Top of Extracted information
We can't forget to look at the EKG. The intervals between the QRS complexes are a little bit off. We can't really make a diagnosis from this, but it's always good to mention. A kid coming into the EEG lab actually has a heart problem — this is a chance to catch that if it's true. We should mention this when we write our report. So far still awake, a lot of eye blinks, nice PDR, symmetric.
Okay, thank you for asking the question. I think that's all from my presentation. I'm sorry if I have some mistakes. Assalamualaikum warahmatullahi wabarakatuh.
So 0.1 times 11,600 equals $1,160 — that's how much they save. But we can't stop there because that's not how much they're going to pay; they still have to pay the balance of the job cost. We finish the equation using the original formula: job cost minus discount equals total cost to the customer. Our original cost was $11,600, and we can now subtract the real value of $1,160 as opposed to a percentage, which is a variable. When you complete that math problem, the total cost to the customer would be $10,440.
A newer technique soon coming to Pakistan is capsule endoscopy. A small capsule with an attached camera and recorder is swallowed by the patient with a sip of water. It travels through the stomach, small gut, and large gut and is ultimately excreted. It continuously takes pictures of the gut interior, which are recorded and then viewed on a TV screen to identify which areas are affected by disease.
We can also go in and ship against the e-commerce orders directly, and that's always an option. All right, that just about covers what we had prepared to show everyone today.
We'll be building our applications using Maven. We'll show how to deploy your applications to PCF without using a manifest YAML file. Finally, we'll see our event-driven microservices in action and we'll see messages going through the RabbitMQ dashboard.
Bottom of Extracted information
Top of Extracted information
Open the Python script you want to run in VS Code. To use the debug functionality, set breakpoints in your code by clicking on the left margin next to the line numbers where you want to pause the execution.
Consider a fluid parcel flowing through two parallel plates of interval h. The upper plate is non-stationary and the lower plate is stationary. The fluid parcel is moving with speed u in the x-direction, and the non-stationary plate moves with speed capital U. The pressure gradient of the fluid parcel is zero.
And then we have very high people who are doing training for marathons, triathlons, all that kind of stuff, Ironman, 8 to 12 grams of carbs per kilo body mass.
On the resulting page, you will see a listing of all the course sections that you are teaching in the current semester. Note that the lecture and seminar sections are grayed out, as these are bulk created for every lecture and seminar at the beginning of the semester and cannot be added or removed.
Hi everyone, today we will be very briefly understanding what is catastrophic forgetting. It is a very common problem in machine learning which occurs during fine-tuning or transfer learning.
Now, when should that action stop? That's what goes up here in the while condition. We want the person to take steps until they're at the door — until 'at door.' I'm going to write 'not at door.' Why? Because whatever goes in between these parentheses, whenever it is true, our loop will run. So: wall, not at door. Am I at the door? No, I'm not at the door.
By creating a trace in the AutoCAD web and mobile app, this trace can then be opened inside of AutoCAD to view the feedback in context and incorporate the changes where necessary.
Bottom of Extracted information
Top of Extracted information
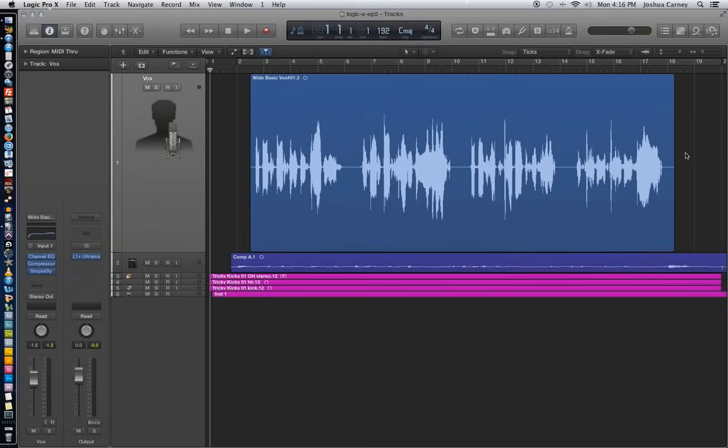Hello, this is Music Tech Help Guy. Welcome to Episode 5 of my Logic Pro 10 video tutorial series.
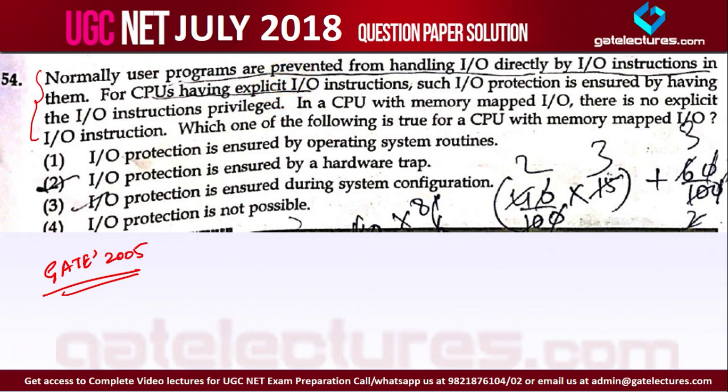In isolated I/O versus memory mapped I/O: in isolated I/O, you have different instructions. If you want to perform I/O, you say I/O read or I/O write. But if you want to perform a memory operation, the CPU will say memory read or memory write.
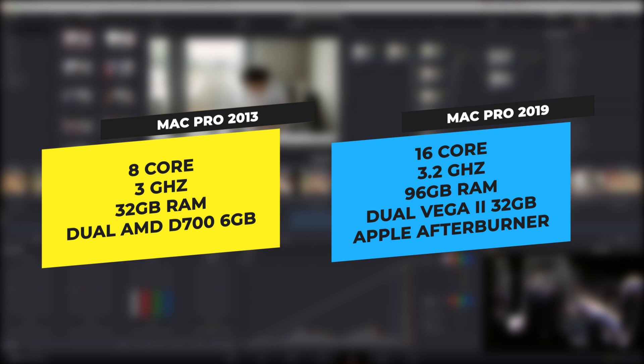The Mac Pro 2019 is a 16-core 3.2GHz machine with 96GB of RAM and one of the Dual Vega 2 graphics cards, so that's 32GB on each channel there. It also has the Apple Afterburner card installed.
Bottom of Extracted information
→ Exercise instructions:
In the listing above, transcribe exactly everything from the line containing "We can't forget" down to the line containing "Okay, thank you", including both and nothing more.

→ Solution for this task:
We can't forget to look at the EKG. The intervals between the QRS complexes are a little bit off. We can't really make a diagnosis from this, but it's always good to mention. A kid coming into the EEG lab actually has a heart problem — this is a chance to catch that if it's true. We should mention this when we write our report. So far still awake, a lot of eye blinks, nice PDR, symmetric.
Okay, thank you for asking the question. I think that's all from my presentation. I'm sorry if I have some mistakes. Assalamualaikum warahmatullahi wabarakatuh.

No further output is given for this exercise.